LEE SAYLOR: Tanacross area, but yeah there was always moose in Healy Lake.

And now here was something that I didn’t go into that, you know, Chief Joe and Chief Healy I think, you know, they were the same clan, but they were kind of rivals in a way.

And after that ’27 potlatch at Healy Lake, well they said Chief Joe he -- he paddled his canoe down from George Creek and attended it and then when he went back he shouldered his pack, the canoe, and walked on the foot trail. But he planned to make a potlatch.

He was starting to build a dance hall over there. And over on Black Lake -- Abe Luke told me that Chief Joe had shot and dried eight moose and was all for making a potlatch.

And then his wife Agnes died and he got sick. And they took him to Tanana. They said he was just diarrhea. He was just fading out, and he got on the freight boat and they took him all the way to the Tanana Hospital. And he died.

So they never made the potlatch. Then those cabins at George Lake where he had his little settlement, they were abandoned, and John Joseph moved over to Healy Lake. KAREN BREWSTER: Hm.

LEE SAYLOR: And Frank Luke later moved there. And he made a tent house. And sawed up the old log cabins for firewood.

Even in -- when Frank moved up to old Tanacross he never build a house. He had a double-walled tent frame that -- KAREN BREWSTER: Wow.

LEE SAYLOR: -- was insulated and that's where he stayed.

KAREN BREWSTER: That's pretty cold in the winter. Why is --

LEE SAYLOR: Hey, I was there one night when it hit over 70 below. KAREN BREWSTER: Yeah.

LEE SAYLOR: In Frank’s tent house, yeah.

KAREN BREWSTER: And it was still warm enough?

LEE SAYLOR: It wasn’t warm. You just piled the blankets on and kept throwing the wood in.

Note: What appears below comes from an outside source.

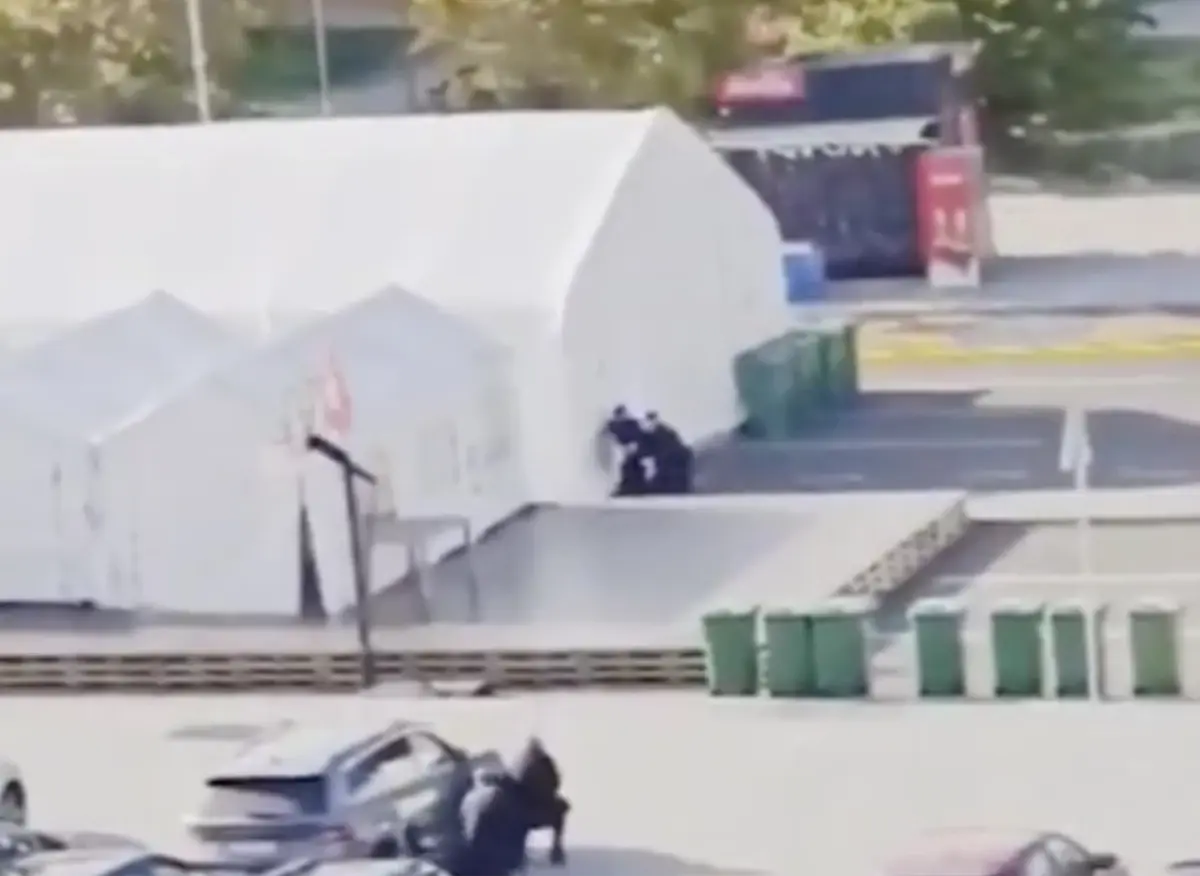 belgradda parlamento onunde silahli saldiri 1 yarali GlHfk2Oe.jpg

KAREN BREWSTER: Yeah, it needs a lot of wood. (Phone ringing) LEE SAYLOR: Get the phone.

KAREN BREWSTER: -- question and then we'll be done. LEE SAYLOR: Sure.

KAREN BREWSTER: Which was to follow-up with when Chief Joe left and died in Tanana and George Lake -- Lake George was abandoned -- LEE SAYLOR: Sure.

KAREN BREWSTER: About what time period was that?

LEE SAYLOR: That was ’29. KAREN BREWSTER: Okay. LEE SAYLOR: That was that year.

KAREN BREWSTER: Okay. I'm trying to get a sense of the different communities and when they were used -- LEE SAYLOR: Uh-huh. KAREN BREWSTER: And not used and how people moved around. LEE SAYLOR: Yeah.

KAREN BREWSTER: I was thinking that the highway -- the good thing about the highway is it has helped people move between all those communities. LEE SAYLOR: Yeah.

KAREN BREWSTER: Maybe, more than they used to. LEE SAYLOR: It is, and -- yeah. KAREN BREWSTER: Okay. LEE SAYLOR: So, anyway, that's -- KAREN BREWSTER: But it does --

LEE SAYLOR: I can’t remember right now of anything just off hand.

KAREN BREWSTER: Yeah, but it does -- it sounds like going down towards Wrangell Park and over with the Ahtna people happened a little bit but -- LEE SAYLOR: Uh-huh.

KAREN BREWSTER: You know, did Healy Lake people -- Healy River people go down for salmon? Did they ever go -- ?

LEE SAYLOR: I don’t think so. Of course, I hear there was some kind of hostility between Healy Lake and the Goodpaster there. KAREN BREWSTER: Oh.

LEE SAYLOR: They’d -- they’d marry down that way, but yet there was -- it's the language barrier there.

KAREN BREWSTER: Right and Ahtna again would be a different language.

LEE SAYLOR: Yeah, although Mentasta is -- sometimes I think it's -- Mentasta dialect is closer to Tanacross/Healy Lake than it is to the Lower Ahtna.

KAREN BREWSTER: Uh-huh. Well, and certainly Tanacross, Tetlin, and Northway they're closer -- (Phone ringing) KAREN BREWSTER: Down there. LEE SAYLOR: Yeah. KAREN BREWSTER: Okay. Thank you. LEE SAYLOR: Uh-huh. KAREN BREWSTER: All the telephones I think we’re done.